I love an unlikely detective, and this was specifically recommended to fans of The Curious Incident of a Dog in the Night-Time, which was one of my first of the genre. In this novel, protagonist Daniel suffers from spinal muscular atrophy (SMA, described as similar to infant ALS), with a predicted lifespan of 21 years tops, though he is beating the odds in his early 20s and living independently though with round-the-clock assistance. He can’t speak verbally or move without his wheelchair, but still participates in more of life than many of us, which becomes a clear theme of the novel.

While sitting on his porch each morning, he regularly sees a young college student walking to class, and when one morning she gets in a car and then disappears, he appears to be the only witness. He is promptly dismissed by the police in the face of his disability, and his two closest friends jump in to help him continue to get his statement heard. This brings him to the attention of the kidnapper, which really ramps up the suspense.

The crime itself is fairly straight-forward, and is secondary to showcasing a number of socially-marginalized characters and how much they contribute to society as a whole. The end takes a startling swing toward high action, which felt a little jarring, but I’m not sure that wasn’t intentional as well. If at times the theme felt a little blunt, it is definitely a message that is needed more and more today: that everyone can contribute to our society in large and small ways, and that you get out of life what you put into it.

Wicked River by Lee Sandlin

Wicked River: The Mississippi When It Last Ran Wild
written by Lee Sandlin
read by Jeff McCarthy
2010

This is a wild ride. It’s a non-fiction black-comedy history book. It’s a collection of crazy stories about unpleasant people living awful lives and they are hilarious. Except that sometimes it gets grim enough that it overloads my sense of humor and just gets super depressing even in its ridiculousness. But it really is fascinating and an excellent look at American history and social movements. It’s kind of amazing how many patterns of events and types of people I recognize as being present in today’s world.

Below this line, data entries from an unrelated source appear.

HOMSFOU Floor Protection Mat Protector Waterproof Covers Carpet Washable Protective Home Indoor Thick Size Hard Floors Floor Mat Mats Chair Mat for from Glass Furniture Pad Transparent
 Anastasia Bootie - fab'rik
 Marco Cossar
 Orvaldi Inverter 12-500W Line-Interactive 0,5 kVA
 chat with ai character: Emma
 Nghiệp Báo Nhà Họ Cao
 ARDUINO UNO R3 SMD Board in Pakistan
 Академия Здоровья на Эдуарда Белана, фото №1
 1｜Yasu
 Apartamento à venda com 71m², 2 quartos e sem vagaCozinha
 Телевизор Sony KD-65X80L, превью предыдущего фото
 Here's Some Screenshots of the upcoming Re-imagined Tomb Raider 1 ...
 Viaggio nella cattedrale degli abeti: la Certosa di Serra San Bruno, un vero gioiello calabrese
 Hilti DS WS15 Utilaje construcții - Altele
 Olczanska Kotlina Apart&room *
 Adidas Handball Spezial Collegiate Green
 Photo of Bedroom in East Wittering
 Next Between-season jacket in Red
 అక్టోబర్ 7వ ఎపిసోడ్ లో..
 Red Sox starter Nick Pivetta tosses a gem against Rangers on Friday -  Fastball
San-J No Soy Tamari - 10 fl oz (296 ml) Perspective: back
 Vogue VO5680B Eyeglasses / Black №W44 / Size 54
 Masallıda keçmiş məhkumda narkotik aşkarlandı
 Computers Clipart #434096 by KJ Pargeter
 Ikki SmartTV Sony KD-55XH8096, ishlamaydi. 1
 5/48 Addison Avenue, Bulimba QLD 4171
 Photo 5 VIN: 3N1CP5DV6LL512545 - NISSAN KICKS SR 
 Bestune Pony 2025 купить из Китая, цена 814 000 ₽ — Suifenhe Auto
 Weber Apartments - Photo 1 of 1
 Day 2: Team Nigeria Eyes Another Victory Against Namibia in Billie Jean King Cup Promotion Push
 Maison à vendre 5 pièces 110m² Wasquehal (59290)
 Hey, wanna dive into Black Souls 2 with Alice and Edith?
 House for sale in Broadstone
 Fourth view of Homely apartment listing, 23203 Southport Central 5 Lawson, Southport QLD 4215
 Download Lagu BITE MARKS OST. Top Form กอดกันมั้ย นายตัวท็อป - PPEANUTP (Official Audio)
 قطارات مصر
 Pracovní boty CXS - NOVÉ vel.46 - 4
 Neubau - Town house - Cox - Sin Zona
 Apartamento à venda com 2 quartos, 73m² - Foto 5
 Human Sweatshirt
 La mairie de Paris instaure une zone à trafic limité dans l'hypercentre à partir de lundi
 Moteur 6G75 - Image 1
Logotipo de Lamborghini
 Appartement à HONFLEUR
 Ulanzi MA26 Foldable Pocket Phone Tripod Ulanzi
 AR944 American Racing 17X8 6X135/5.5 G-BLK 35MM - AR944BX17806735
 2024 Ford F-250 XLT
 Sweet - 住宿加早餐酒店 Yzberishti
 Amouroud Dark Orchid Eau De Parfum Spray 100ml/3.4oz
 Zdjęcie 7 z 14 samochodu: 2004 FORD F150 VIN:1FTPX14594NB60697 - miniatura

This is by the same author who wrote Storm Kings , which I enjoyed so much that I immediately checked out their other audiobook. Storm Kings is the better book, with a more cohesive storyline, while Wicked River is more a scattershot of stories and events, but it’s still very good and very impactful. Each chapter looks at a different aspect of life along the Mississippi, mostly pre-Civil War, skipping around in time and location, with a lot of stories about the lives of specific individuals and events. It gets into the nitty gritty of life and death and trade, the horrors of recurring epidemics, the cognitive dissonance of slave-holding societies, the lawlessness of the various settler justice systems, intermittent excesses of debauchery, celebrations of casual violence, ubiquitous drunkenness, and a vast cast of characters from all walks of life.

The book concludes with the Mississippi River Commission being established immediately post-Civil War and essentially taming the river, at the same time that railroads were replacing boats for transport. In the end, there’s a sense of nostalgia for the wildness that has been lost, because the river cultures were amazing and easily romanticized, even though, or perhaps especially because, they sound truly awful to have lived through.